_WHAT THIS TASK INVOLVES_: In the records below, find the line with "Building Photo - 12783 Pineway Dr", then copy each line exactly until you have copied the line with "Mercedes-Benz S-Класс 2018 thumb 2". Leave any picture out.
--- DATA IN THIS EXERCISE Enclosed Below ---
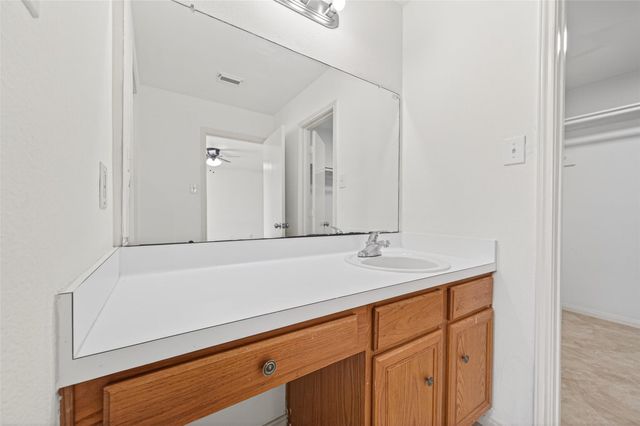 11002 Bradford Way Drive, Houston, TX 77075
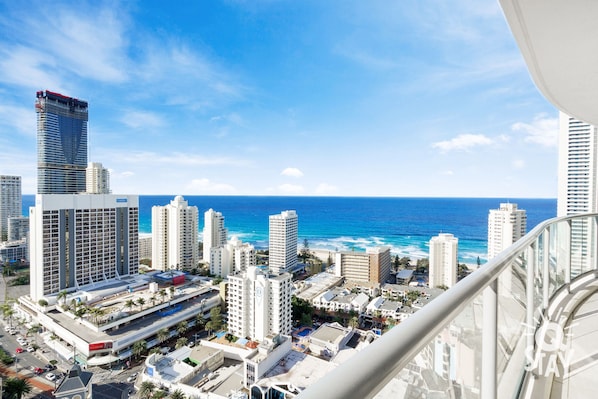 Balcony features glittering ocean views 🏝
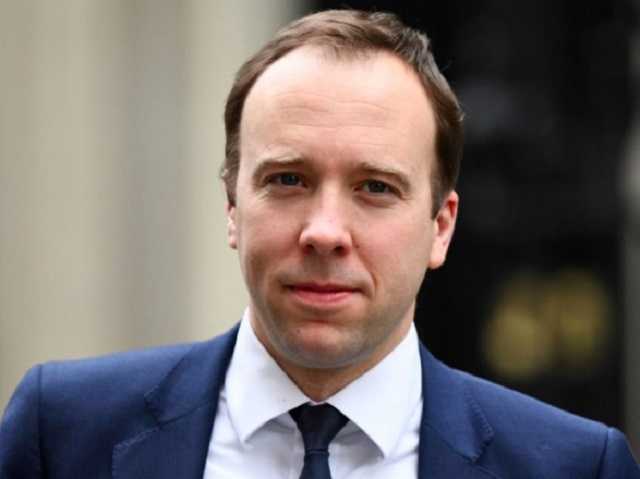 МОЗ Британії пропонує кожному дорослому жителю країни до осені вакцинуватися від COVID-19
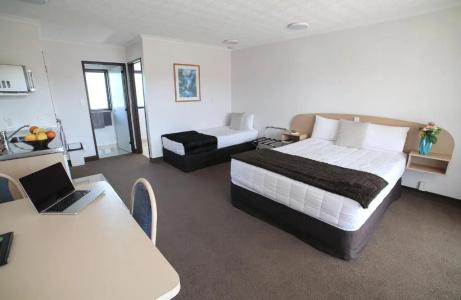 Palm City Motor Inn - 102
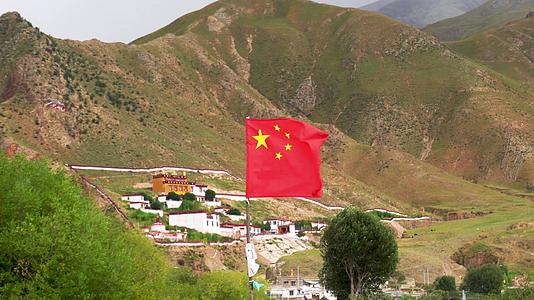 藏区飘扬的红旗视频的预览图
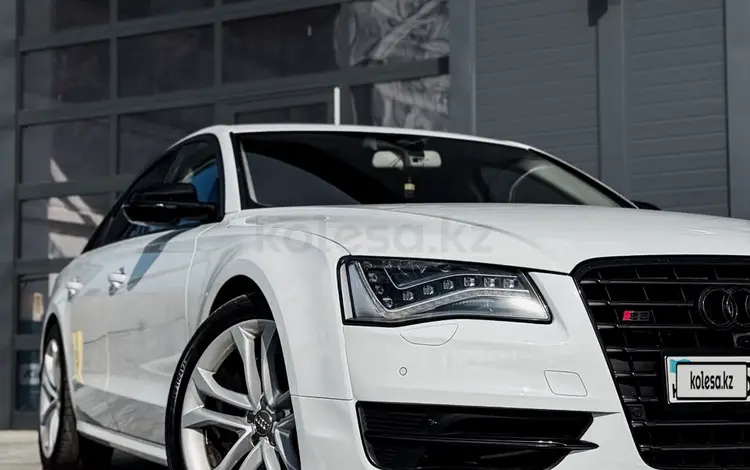 Audi S8, 2013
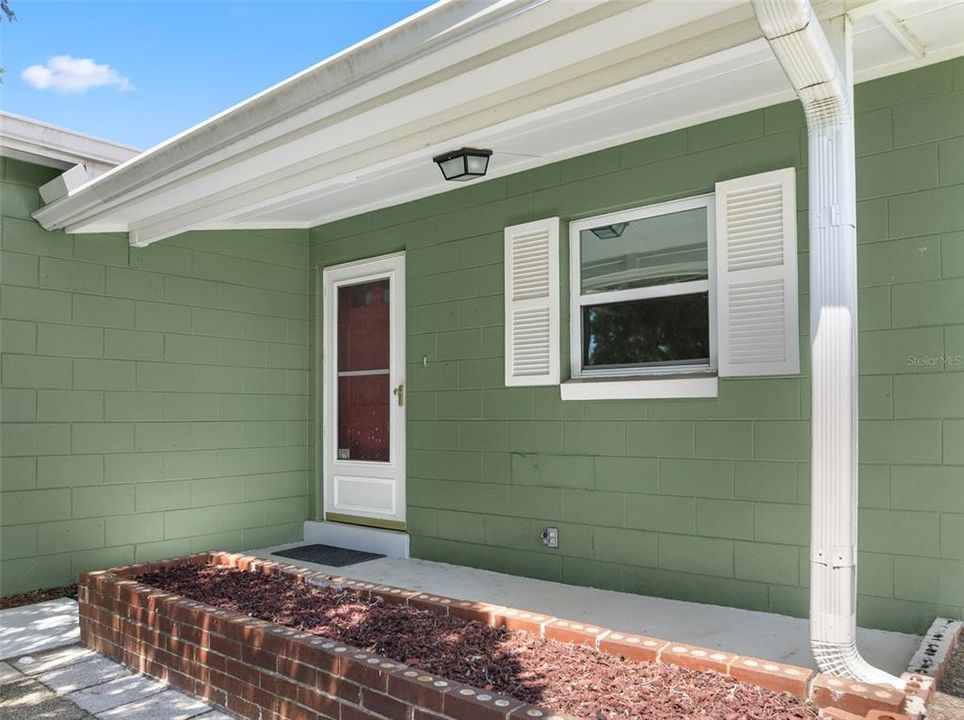 Active With Contract: $225,000 (3 beds, 2 baths, 1170 Square Feet)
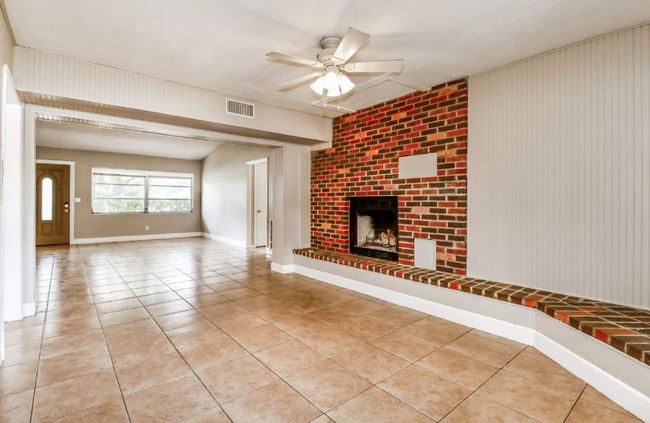 Building Photo - 12783 Pineway Dr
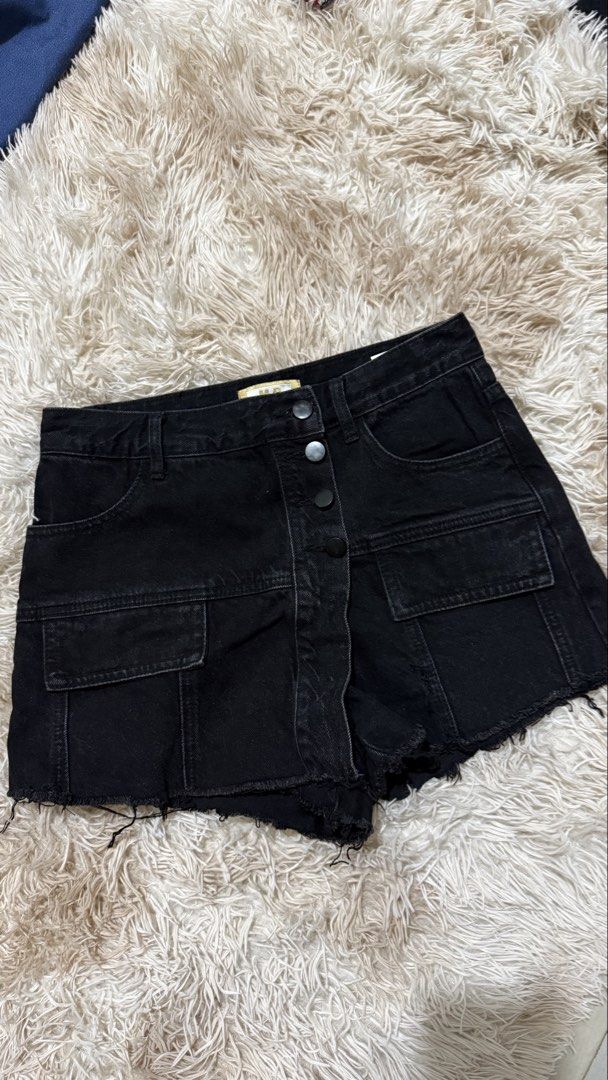 Black Denim Cargo Shorts Size 26 (Category: Shorts) located in Binangonan. Submitted by mreads14 (Listing ID 1457315644, Image 1). Description: ✨PRELOVED - Good Condi 💰 MOP: GCash, Maya, GoTyme, or MariBank 📦 MOD: J&T Express - Black denim shorts - Size 26 - Cargo pockets for extra storage - Button fly closure - Trendy frayed hem detail - Ideal for casual everyday wear.
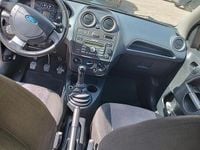 Begagnad Ford Fiesta 53 HK (38 kW) 2008 Grå Halvkombi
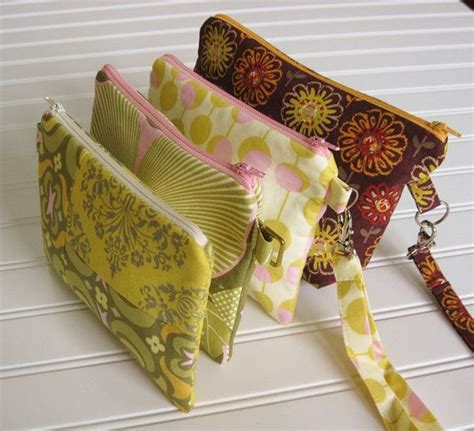T Item Zippered Cosmetic Bags Detachable Straps Flat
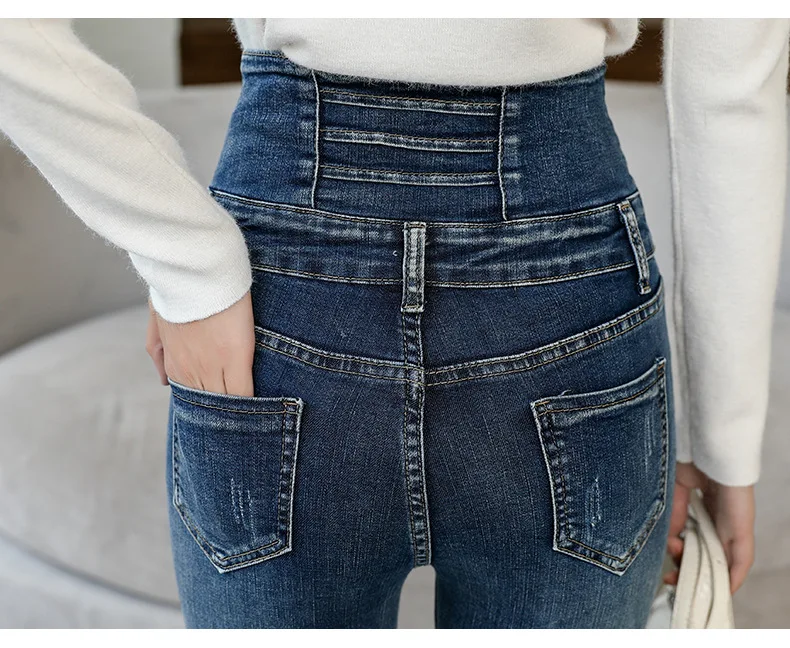 11633742235_1933828105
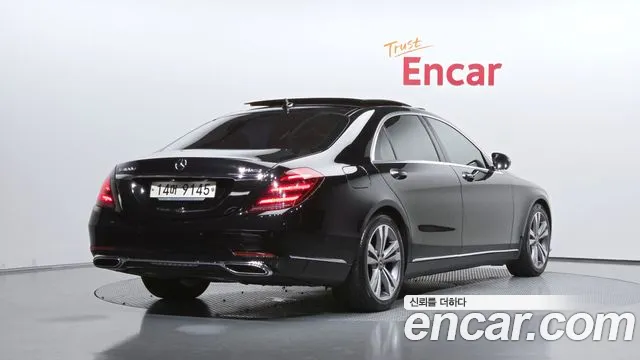 Mercedes-Benz S-Класс 2018 thumb 2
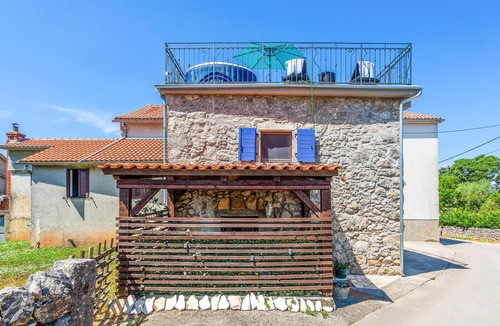 Nenadici House | Luxurious home in Malinska with WiFi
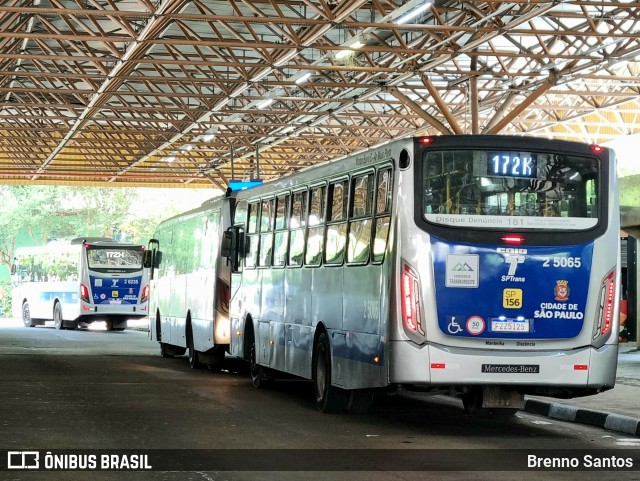 Cooperativa Fênix > Spencer Transporte 2 5065 na cidade de São Paulo, São Paulo, Brasil, por Brenno Santos. Número da foto: #10934481.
--- End of Enclosed DATA IN THIS EXERCISE ---
_TASK RESPONSE_:
 Building Photo - 12783 Pineway Dr
 Black Denim Cargo Shorts Size 26 (Category: Shorts) located in Binangonan. Submitted by mreads14 (Listing ID 1457315644, Image 1). Description: ✨PRELOVED - Good Condi 💰 MOP: GCash, Maya, GoTyme, or MariBank 📦 MOD: J&T Express - Black denim shorts - Size 26 - Cargo pockets for extra storage - Button fly closure - Trendy frayed hem detail - Ideal for casual everyday wear.
 Begagnad Ford Fiesta 53 HK (38 kW) 2008 Grå Halvkombi
T Item Zippered Cosmetic Bags Detachable Straps Flat
 11633742235_1933828105
 Mercedes-Benz S-Класс 2018 thumb 2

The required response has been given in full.